[Start of Attachment]

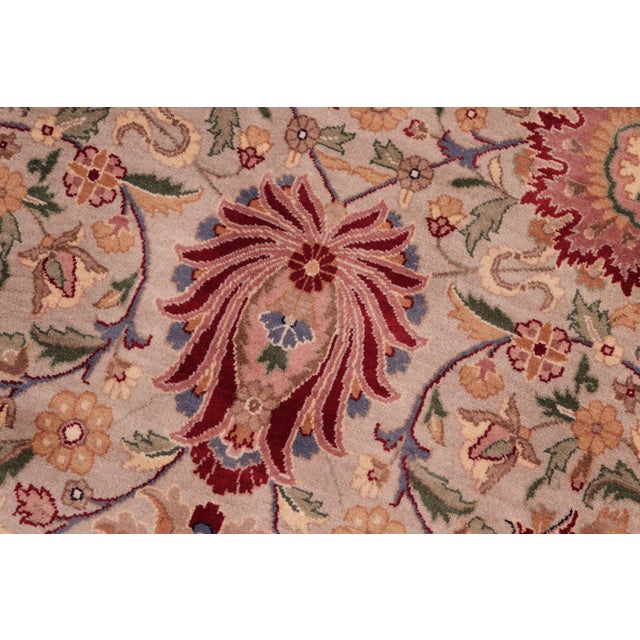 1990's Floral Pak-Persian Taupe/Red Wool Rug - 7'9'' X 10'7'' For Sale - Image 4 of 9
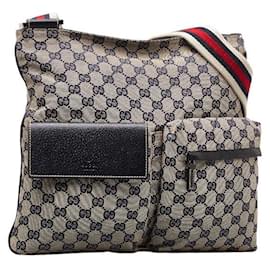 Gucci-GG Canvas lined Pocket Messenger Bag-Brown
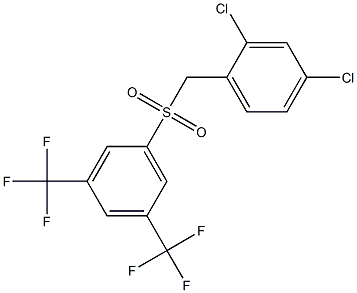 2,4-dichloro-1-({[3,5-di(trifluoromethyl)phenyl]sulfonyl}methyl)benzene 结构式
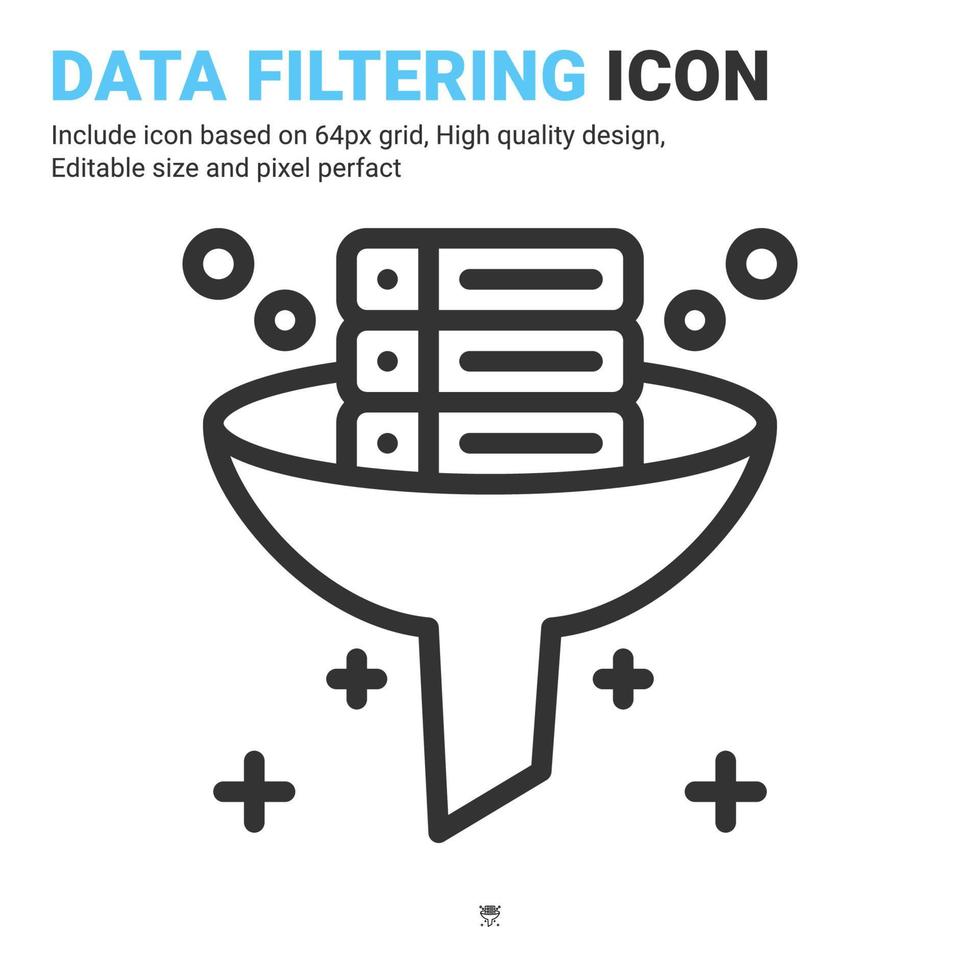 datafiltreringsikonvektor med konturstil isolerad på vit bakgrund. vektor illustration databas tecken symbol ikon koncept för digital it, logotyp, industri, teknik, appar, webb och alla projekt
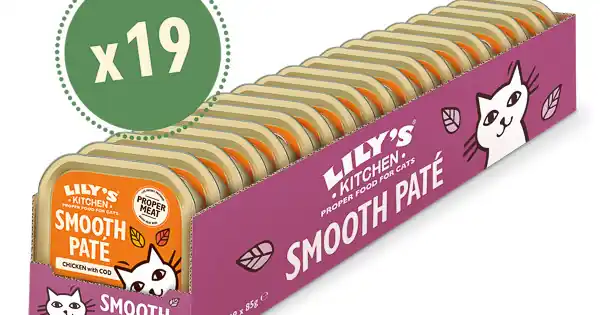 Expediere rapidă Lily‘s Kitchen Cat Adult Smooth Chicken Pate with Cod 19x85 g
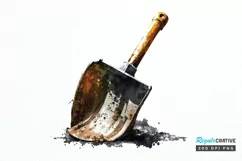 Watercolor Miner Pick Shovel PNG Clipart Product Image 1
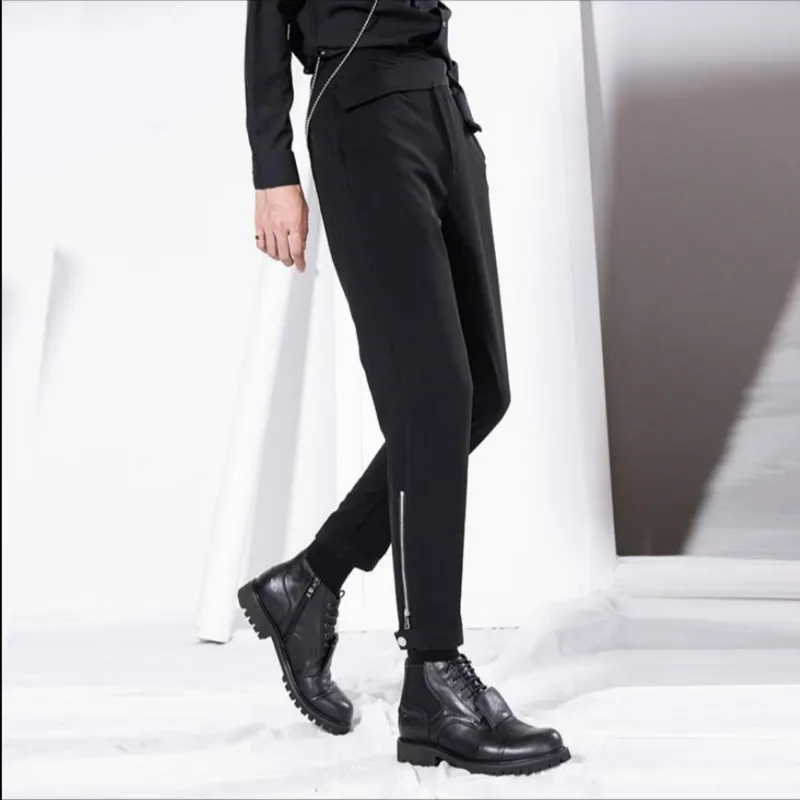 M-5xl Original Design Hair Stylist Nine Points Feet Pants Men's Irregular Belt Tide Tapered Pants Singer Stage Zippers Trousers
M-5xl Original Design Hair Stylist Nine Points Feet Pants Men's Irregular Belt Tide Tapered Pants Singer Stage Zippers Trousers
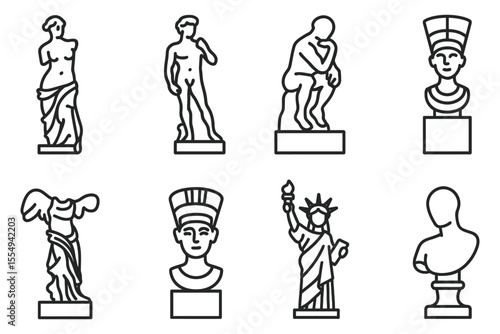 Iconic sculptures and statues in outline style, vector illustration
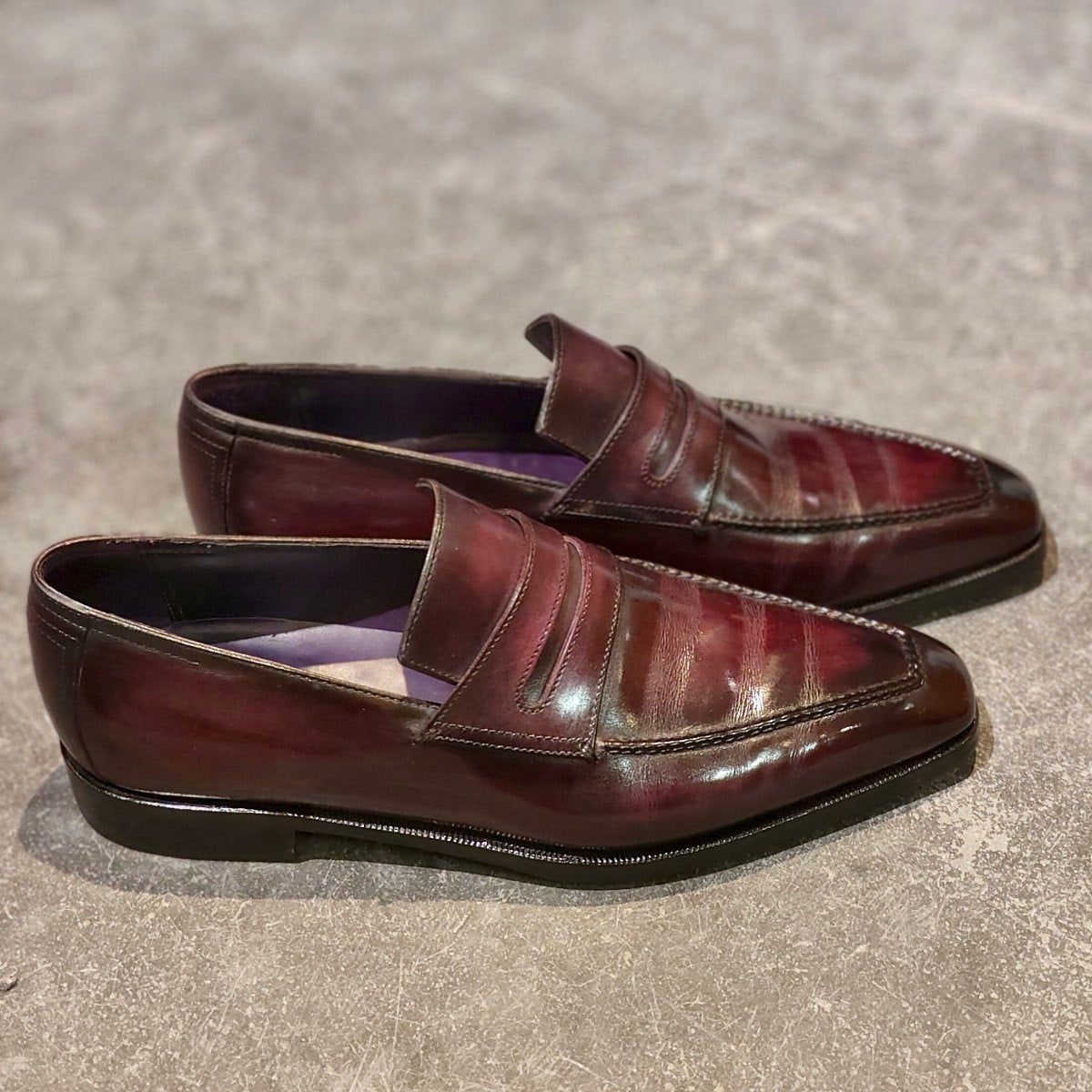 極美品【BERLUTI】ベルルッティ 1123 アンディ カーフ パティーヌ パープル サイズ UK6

[End of Attachment]

▶ Exercise directions: Lines from the one containing "Watercolor Miner Pick" through the final line of the entries above are to be retyped exactly, with every picture left out.

▶ Response box:
 Watercolor Miner Pick Shovel PNG Clipart Product Image 1
 M-5xl Original Design Hair Stylist Nine Points Feet Pants Men's Irregular Belt Tide Tapered Pants Singer Stage Zippers Trousers
M-5xl Original Design Hair Stylist Nine Points Feet Pants Men's Irregular Belt Tide Tapered Pants Singer Stage Zippers Trousers
 Iconic sculptures and statues in outline style, vector illustration
 極美品【BERLUTI】ベルルッティ 1123 アンディ カーフ パティーヌ パープル サイズ UK6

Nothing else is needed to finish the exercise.